INSTRUCTIONS TO FOLLOW: What is needed is an exact transcription of every record below.
======== PROVIDED MATERIAL
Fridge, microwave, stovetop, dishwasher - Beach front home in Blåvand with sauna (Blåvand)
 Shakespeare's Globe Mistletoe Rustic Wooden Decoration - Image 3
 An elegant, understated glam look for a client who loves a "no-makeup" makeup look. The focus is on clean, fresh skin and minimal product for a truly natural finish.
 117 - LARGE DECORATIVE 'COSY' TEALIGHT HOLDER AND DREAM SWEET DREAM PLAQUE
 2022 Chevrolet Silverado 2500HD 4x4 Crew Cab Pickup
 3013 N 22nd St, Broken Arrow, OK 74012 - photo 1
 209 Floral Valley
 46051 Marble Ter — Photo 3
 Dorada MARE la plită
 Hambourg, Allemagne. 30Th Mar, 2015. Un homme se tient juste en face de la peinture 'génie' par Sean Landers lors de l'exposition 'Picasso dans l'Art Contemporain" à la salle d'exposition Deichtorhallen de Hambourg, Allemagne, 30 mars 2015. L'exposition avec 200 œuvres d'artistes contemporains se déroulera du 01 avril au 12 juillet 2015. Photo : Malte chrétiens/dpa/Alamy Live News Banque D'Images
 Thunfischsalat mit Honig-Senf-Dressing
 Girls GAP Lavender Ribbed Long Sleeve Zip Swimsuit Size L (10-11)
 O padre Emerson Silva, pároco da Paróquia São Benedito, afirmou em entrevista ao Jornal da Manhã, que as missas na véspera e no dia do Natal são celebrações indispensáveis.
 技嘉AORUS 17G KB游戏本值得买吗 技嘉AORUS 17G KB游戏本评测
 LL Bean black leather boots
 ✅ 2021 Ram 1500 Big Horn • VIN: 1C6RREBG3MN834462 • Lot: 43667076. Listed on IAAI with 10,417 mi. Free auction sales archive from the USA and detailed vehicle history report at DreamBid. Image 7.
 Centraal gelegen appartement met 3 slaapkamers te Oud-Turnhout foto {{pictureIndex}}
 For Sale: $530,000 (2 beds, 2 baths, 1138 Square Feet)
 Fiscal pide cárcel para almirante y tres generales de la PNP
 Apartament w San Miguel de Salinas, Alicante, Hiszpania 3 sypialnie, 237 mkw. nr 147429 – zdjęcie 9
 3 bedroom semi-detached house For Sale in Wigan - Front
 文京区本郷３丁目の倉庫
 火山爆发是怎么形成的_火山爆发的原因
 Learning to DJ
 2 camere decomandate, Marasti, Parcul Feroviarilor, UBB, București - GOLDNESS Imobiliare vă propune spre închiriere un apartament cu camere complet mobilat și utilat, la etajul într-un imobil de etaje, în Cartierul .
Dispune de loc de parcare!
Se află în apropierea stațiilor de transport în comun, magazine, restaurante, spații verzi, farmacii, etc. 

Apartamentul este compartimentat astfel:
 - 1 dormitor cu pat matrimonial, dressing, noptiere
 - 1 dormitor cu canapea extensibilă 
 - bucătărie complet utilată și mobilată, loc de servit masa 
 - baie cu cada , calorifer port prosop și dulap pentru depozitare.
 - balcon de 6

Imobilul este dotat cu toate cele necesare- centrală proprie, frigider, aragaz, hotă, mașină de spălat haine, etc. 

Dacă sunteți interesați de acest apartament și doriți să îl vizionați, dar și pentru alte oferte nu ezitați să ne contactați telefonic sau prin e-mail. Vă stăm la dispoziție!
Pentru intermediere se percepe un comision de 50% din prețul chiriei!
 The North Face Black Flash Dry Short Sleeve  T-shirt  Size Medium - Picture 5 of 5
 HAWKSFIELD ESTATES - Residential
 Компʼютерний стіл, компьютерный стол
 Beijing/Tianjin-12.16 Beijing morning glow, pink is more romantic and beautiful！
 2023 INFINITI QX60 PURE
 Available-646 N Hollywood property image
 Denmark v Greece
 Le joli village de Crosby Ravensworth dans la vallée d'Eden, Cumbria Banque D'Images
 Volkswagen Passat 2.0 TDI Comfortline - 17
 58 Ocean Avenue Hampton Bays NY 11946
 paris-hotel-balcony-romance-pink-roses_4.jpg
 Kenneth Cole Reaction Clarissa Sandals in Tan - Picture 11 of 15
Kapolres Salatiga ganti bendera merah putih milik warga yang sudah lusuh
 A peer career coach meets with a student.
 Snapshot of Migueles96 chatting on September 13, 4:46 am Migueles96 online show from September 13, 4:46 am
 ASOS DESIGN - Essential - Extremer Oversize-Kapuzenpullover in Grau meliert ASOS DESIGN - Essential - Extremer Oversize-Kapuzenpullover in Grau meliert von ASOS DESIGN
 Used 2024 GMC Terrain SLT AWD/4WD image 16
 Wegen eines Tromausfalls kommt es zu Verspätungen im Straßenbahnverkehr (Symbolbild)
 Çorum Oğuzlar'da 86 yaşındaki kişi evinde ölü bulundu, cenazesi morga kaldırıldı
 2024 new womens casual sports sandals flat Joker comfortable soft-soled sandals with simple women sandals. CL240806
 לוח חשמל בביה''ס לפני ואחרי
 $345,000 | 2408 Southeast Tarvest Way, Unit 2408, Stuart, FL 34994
================
SOLUTION FOR THIS EXERCISE:
Fridge, microwave, stovetop, dishwasher - Beach front home in Blåvand with sauna (Blåvand)
 Shakespeare's Globe Mistletoe Rustic Wooden Decoration - Image 3
 An elegant, understated glam look for a client who loves a "no-makeup" makeup look. The focus is on clean, fresh skin and minimal product for a truly natural finish.
 117 - LARGE DECORATIVE 'COSY' TEALIGHT HOLDER AND DREAM SWEET DREAM PLAQUE
 2022 Chevrolet Silverado 2500HD 4x4 Crew Cab Pickup
 3013 N 22nd St, Broken Arrow, OK 74012 - photo 1
 209 Floral Valley
 46051 Marble Ter — Photo 3
 Dorada MARE la plită
 Hambourg, Allemagne. 30Th Mar, 2015. Un homme se tient juste en face de la peinture 'génie' par Sean Landers lors de l'exposition 'Picasso dans l'Art Contemporain" à la salle d'exposition Deichtorhallen de Hambourg, Allemagne, 30 mars 2015. L'exposition avec 200 œuvres d'artistes contemporains se déroulera du 01 avril au 12 juillet 2015. Photo : Malte chrétiens/dpa/Alamy Live News Banque D'Images
 Thunfischsalat mit Honig-Senf-Dressing
 Girls GAP Lavender Ribbed Long Sleeve Zip Swimsuit Size L (10-11)
 O padre Emerson Silva, pároco da Paróquia São Benedito, afirmou em entrevista ao Jornal da Manhã, que as missas na véspera e no dia do Natal são celebrações indispensáveis.
 技嘉AORUS 17G KB游戏本值得买吗 技嘉AORUS 17G KB游戏本评测
 LL Bean black leather boots
 ✅ 2021 Ram 1500 Big Horn • VIN: 1C6RREBG3MN834462 • Lot: 43667076. Listed on IAAI with 10,417 mi. Free auction sales archive from the USA and detailed vehicle history report at DreamBid. Image 7.
 Centraal gelegen appartement met 3 slaapkamers te Oud-Turnhout foto {{pictureIndex}}
 For Sale: $530,000 (2 beds, 2 baths, 1138 Square Feet)
 Fiscal pide cárcel para almirante y tres generales de la PNP
 Apartament w San Miguel de Salinas, Alicante, Hiszpania 3 sypialnie, 237 mkw. nr 147429 – zdjęcie 9
 3 bedroom semi-detached house For Sale in Wigan - Front
 文京区本郷３丁目の倉庫
 火山爆发是怎么形成的_火山爆发的原因
 Learning to DJ
 2 camere decomandate, Marasti, Parcul Feroviarilor, UBB, București - GOLDNESS Imobiliare vă propune spre închiriere un apartament cu camere complet mobilat și utilat, la etajul într-un imobil de etaje, în Cartierul .
Dispune de loc de parcare!
Se află în apropierea stațiilor de transport în comun, magazine, restaurante, spații verzi, farmacii, etc. 

Apartamentul este compartimentat astfel:
 - 1 dormitor cu pat matrimonial, dressing, noptiere
 - 1 dormitor cu canapea extensibilă 
 - bucătărie complet utilată și mobilată, loc de servit masa 
 - baie cu cada , calorifer port prosop și dulap pentru depozitare.
 - balcon de 6

Imobilul este dotat cu toate cele necesare- centrală proprie, frigider, aragaz, hotă, mașină de spălat haine, etc. 

Dacă sunteți interesați de acest apartament și doriți să îl vizionați, dar și pentru alte oferte nu ezitați să ne contactați telefonic sau prin e-mail. Vă stăm la dispoziție!
Pentru intermediere se percepe un comision de 50% din prețul chiriei!
 The North Face Black Flash Dry Short Sleeve  T-shirt  Size Medium - Picture 5 of 5
 HAWKSFIELD ESTATES - Residential
 Компʼютерний стіл, компьютерный стол
 Beijing/Tianjin-12.16 Beijing morning glow, pink is more romantic and beautiful！
 2023 INFINITI QX60 PURE
 Available-646 N Hollywood property image
 Denmark v Greece
 Le joli village de Crosby Ravensworth dans la vallée d'Eden, Cumbria Banque D'Images
 Volkswagen Passat 2.0 TDI Comfortline - 17
 58 Ocean Avenue Hampton Bays NY 11946
 paris-hotel-balcony-romance-pink-roses_4.jpg
 Kenneth Cole Reaction Clarissa Sandals in Tan - Picture 11 of 15
Kapolres Salatiga ganti bendera merah putih milik warga yang sudah lusuh
 A peer career coach meets with a student.
 Snapshot of Migueles96 chatting on September 13, 4:46 am Migueles96 online show from September 13, 4:46 am
 ASOS DESIGN - Essential - Extremer Oversize-Kapuzenpullover in Grau meliert ASOS DESIGN - Essential - Extremer Oversize-Kapuzenpullover in Grau meliert von ASOS DESIGN
 Used 2024 GMC Terrain SLT AWD/4WD image 16
 Wegen eines Tromausfalls kommt es zu Verspätungen im Straßenbahnverkehr (Symbolbild)
 Çorum Oğuzlar'da 86 yaşındaki kişi evinde ölü bulundu, cenazesi morga kaldırıldı
 2024 new womens casual sports sandals flat Joker comfortable soft-soled sandals with simple women sandals. CL240806
 לוח חשמל בביה''ס לפני ואחרי
 $345,000 | 2408 Southeast Tarvest Way, Unit 2408, Stuart, FL 34994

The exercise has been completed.